Now, onto my cigar...

As mentioned before, the draw was very light on this Estupendo. If you're going to have a deviation from the "perfect draw", you would definitely want it on the light side as opposed to the alternative! Started out with a richness and strength that I have not felt in the immediate light of a churchill... ever. I was in awe at how a 25 year old churchill could be so much stronger than a recent production churchill, even from a traditionally strong marque. The flavor was almost exhaustingly complex. There were such strange notes to be detected, and so many of them that it was hard to put them into words. At times, there was a richness of milk chocolate, mixed with cashews and hazelnuts, but at other times, the sweetness had a distinctly more herbal character... strange that I can't identify a specific herb to express it. Smoking it very slowly and with ever so light draws brought out some amazing complexities when exhaled through the nose. Each draw was a short journey through 3-5 different flavors. As my friends can attest, I smoked this down to a nub that was no bigger than a 1/2 inch... probably smaller. If I took two more draws, the cherry would have been in my mouth :ss Truly a blockbuster of a cigar. It was fantastic.
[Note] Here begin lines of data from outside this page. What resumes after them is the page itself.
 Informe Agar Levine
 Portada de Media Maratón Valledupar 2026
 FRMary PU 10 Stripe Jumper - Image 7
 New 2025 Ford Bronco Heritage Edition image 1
Many thanks to JoeD for providing the goods for this pass, along with an excellent spread for the game, and a nice, comfortable environment to share a few hours with some good friends.


----------



## PaulMac (Jul 15, 2003)

Once again JoeD shows why he is considered one of the most generous folks on CS, always love when I have a chance to get together with him


----------



## joed (Nov 12, 2005)

PaulMac said:


> ... always love when I have a chance to get together with him


If you're a resident by the time the Super Bowl rolls around...


----------



## PaulMac (Jul 15, 2003)

joed said:


> If you're a resident by the time the Super Bowl rolls around...


Been a resident for 2 weeks ya silly fellow


----------



## RedBaron (Nov 25, 2005)

PaulMac said:


> Once again JoeD shows why he is considered one of the most generous folks on CS, always love when I have a chance to get together with him


AMEN!:tu


----------



## icehog3 (Feb 20, 2005)

Great cigars, even better group of Gorillas. :tu


----------



## joed (Nov 12, 2005)

icehog3 said:


> Great cigars, even better group of Gorillas. :tu


you got the first part right anyway!


----------



## floydp (Jun 6, 2004)

WOW, what a lineup of cigars, not a bad lineup of bastages either.


----------



## raisin (Dec 3, 2005)

I believe my face flushed when I peeked in that cedar box. My natural reaction was to say "No way" but Joe would have none of that...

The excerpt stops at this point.